[Excerpted records — start]

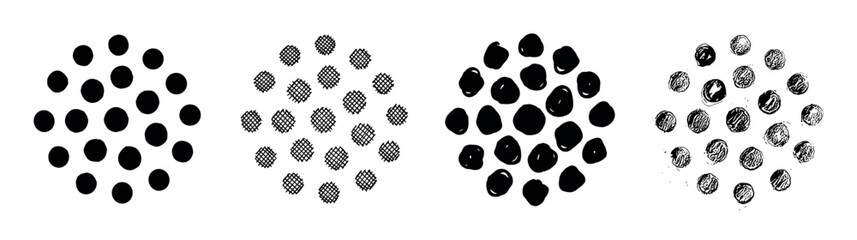 Fototapeta premium Set of four black hand-drawn dot patterns showing a progression of textures from simple solid circles to crosshatch, brush stroke, and distressed grunge sketch styles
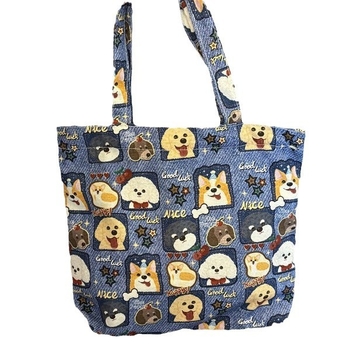 Κυβοειδές τσαντάκι καλλυντικών από πολυεστέρα, γλυκό σχέδιο σκύλου καρτούν, φορητό για ταξίδια, μοντέρνο μινιμαλιστικό στυλ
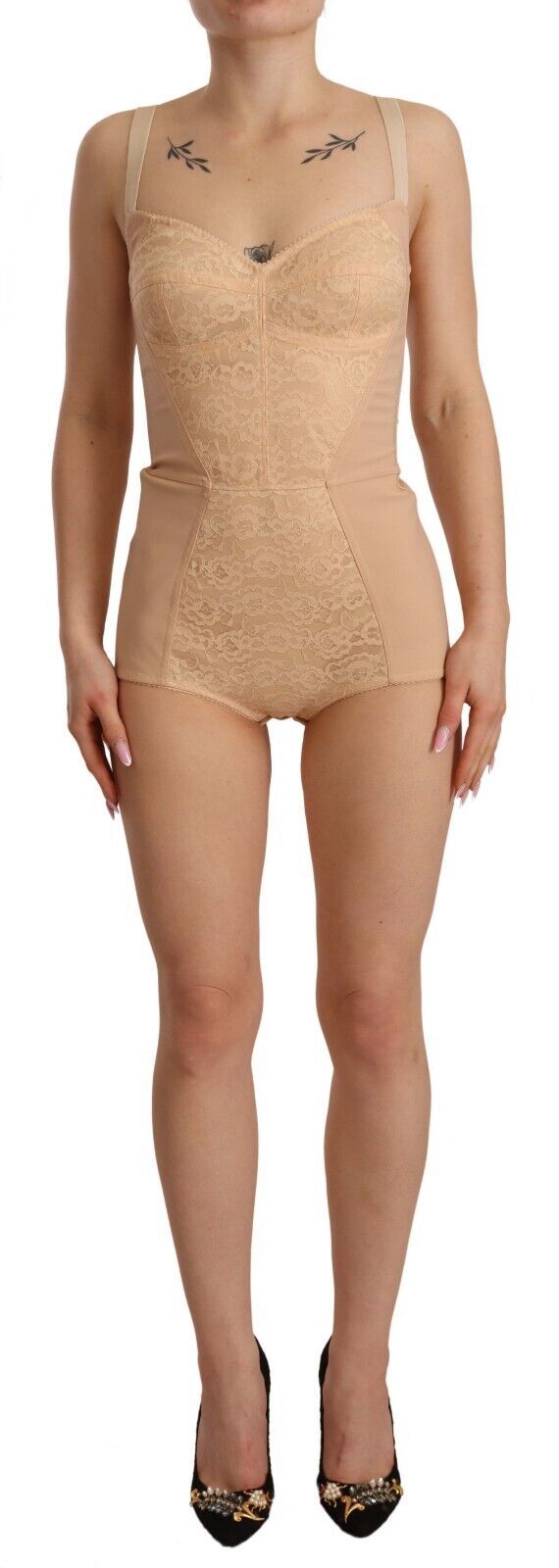 Sous-vêtements Body en nylon beige dentelle florale Dolce & Gabbana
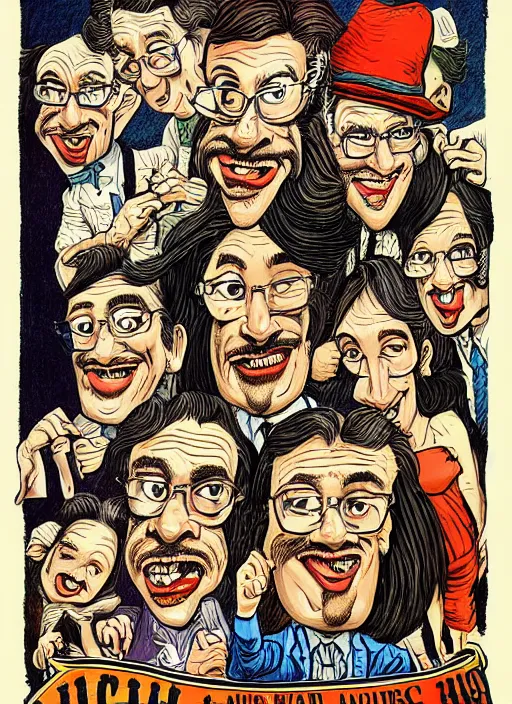 Image similar to caricature by robert crumb, graphic art on a plain background, subdued colors, detailed drawing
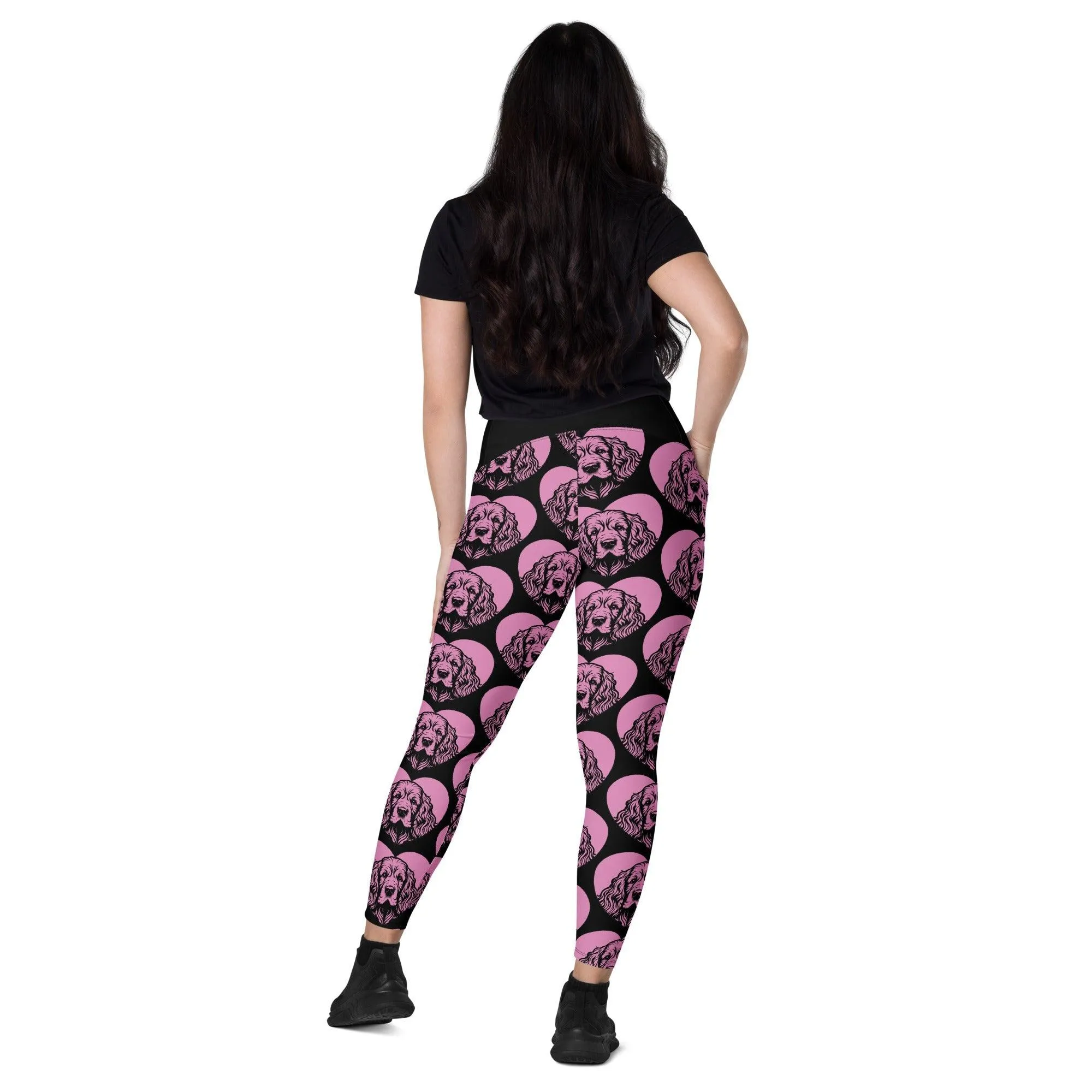 DOG BREED LEGGINGS with pockets - CLUMBER SPANIEL - HERTTAHOUND - pink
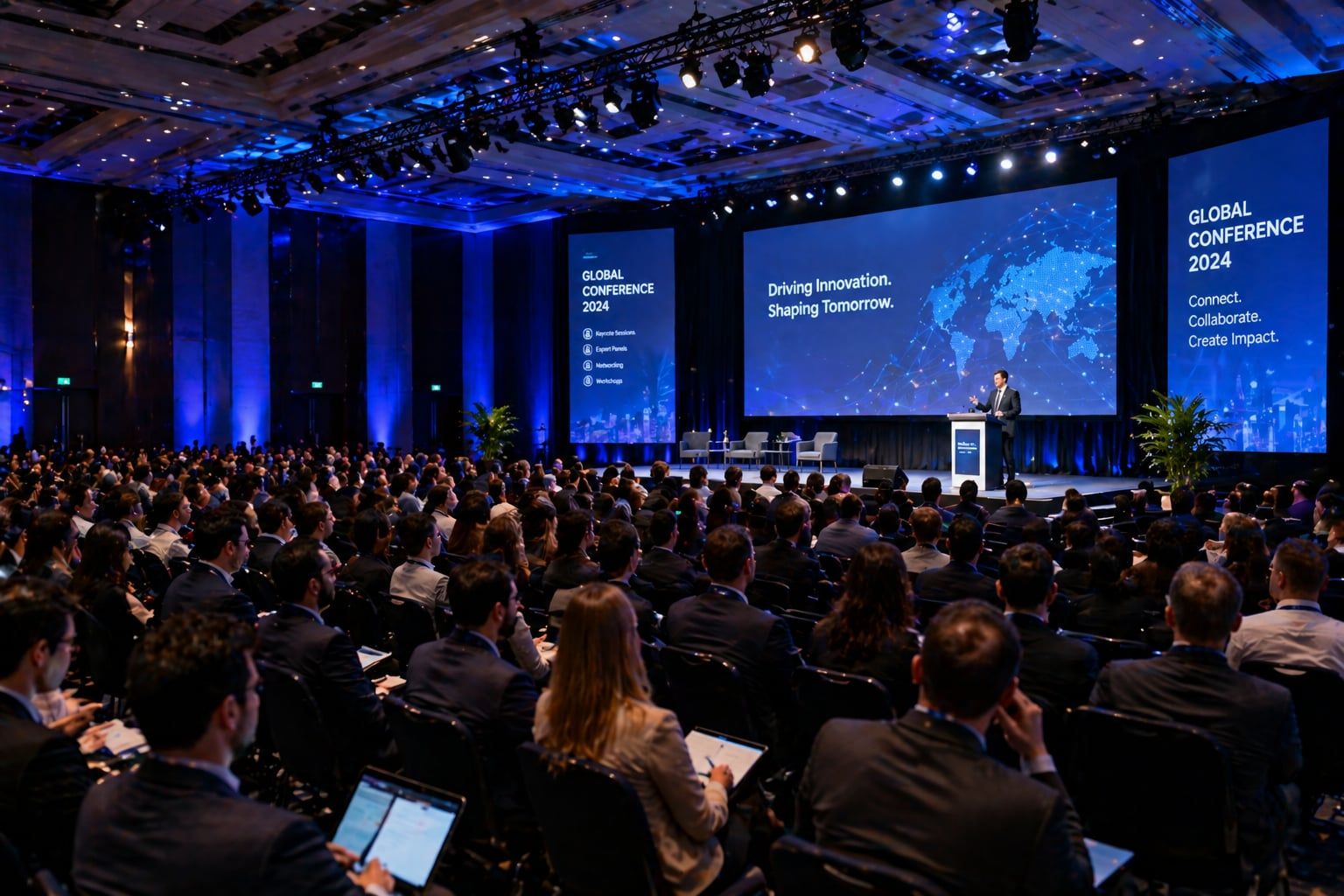 A packed global conference hall with a speaker on stage
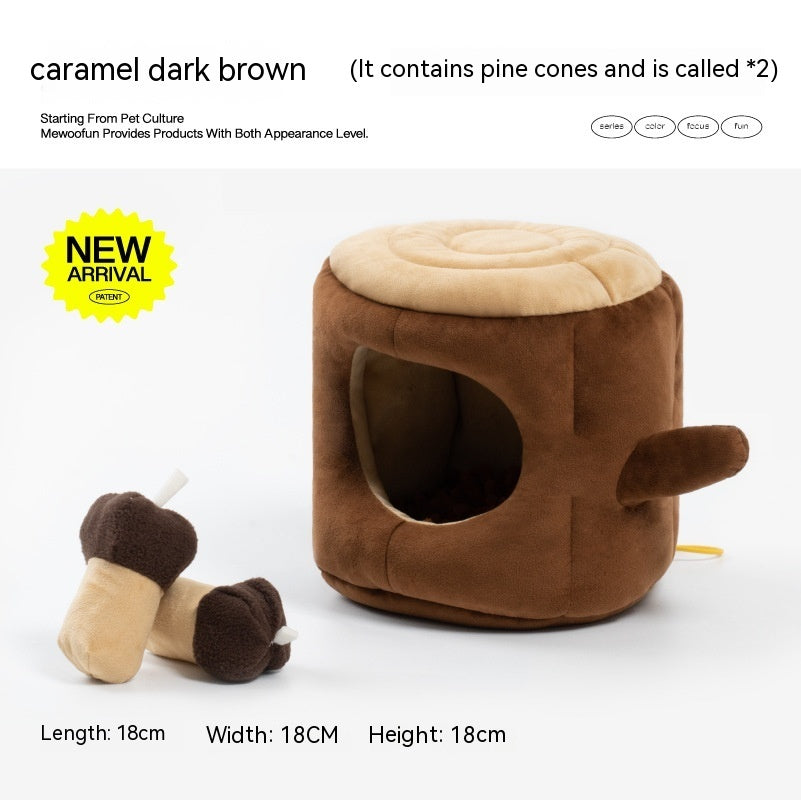 HKM-552723 Khaki Beige and Brown Owl Plush Pet Toy with Velvet and Sponge Material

[Excerpted records — finish]

Action item
All lines from the line containing "Image similar to" through the end of the listing above are to be given again exactly; pictures are not part of the copy.

Written solution
 Image similar to caricature by robert crumb, graphic art on a plain background, subdued colors, detailed drawing
 DOG BREED LEGGINGS with pockets - CLUMBER SPANIEL - HERTTAHOUND - pink
 A packed global conference hall with a speaker on stage
 HKM-552723 Khaki Beige and Brown Owl Plush Pet Toy with Velvet and Sponge Material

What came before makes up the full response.